Questi fondi sono stati suddivisi per paese (all’Italia sono stati assegnati 249 miliardi) e ogni Stato membro è stato chiamato a produrre il proprio piano per l’utilizzo di questi fondi.
Il Piano Nazionale di Ripresa e Resilienza (PNRR) è quindi il documento che l’Italia ha presentato alla Commissione Europea, indicando come intende tradurre in riforme e investimenti le sei aree di intervento previste dal programma europeo: transizione verde; trasformazione digitale; crescita intelligente, sostenibile e inclusiva; coesione sociale e territoriale; salute e resilienza economica, sociale e istituzionale; politiche per le nuove generazioni, l’infanzia e i giovani.
A partire da tre assi strategici (digitalizzazione e innovazione, transizione ecologica e inclusione sociale), i progetti di investimento del PNRR sono suddivisi in 16 componenti, raggruppate a loro volta in sei missioni, come riportato di seguito nella tabella.

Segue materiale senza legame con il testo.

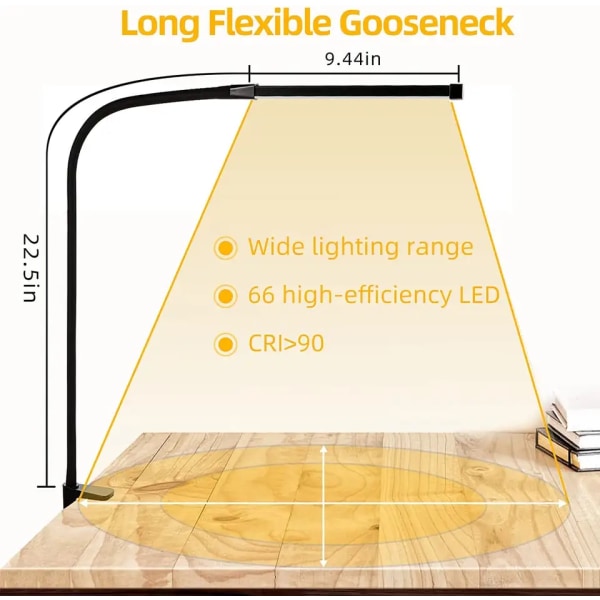 1 pc. Desk Lamps for Home Office, Clamp Lamp Dimmable Gooseneck Lamp Touch Control, Adjustable Desk Lamp for Workbench Tabletop (Black) — image 2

Nel PNRR sono previsti numerosi interventi per il sistema d’istruzione, che includono riforme e linee di investimento suddivise in due categorie: infrastrutture e competenze.
Riforme
Le riforme riguarderanno diversi aspetti del sistema scolastico e alcuni cicli in particolare. Saranno riformati gli istituti tecnici e professionali, il sistema degli Istituti Tecnici Superiori (ITS), il sistema dell’orientamento scolastico, il reclutamento e la formazione del personale docente, e l’organizzazione del sistema scolastico nel suo complesso.
Infrastrutture
Il PNRR dedicherà più di 5 miliardi di euro alla costruzione e al potenziamento degli edifici scolastici. Gli interventi comprenderanno la costruzione e la riqualificazione di scuole, asili nido e scuole dell’infanzia, mense e infrastrutture per lo sport. Inoltre, saranno potenziate le infrastrutture digitali per incrementare la connettività e garantire una connessione veloce in tutte le scuole.
Competenze
Gli investimenti previsti dal PNRR andranno a favore dell’integrazione della didattica digitale nei percorsi scolastici e della formazione digitale rivolta al personale scolastico. Saranno potenziate le competenze di base, con particolare attenzione alla riduzione dei divari territoriali, allo sviluppo degli ITS e all’estensione del tempo pieno.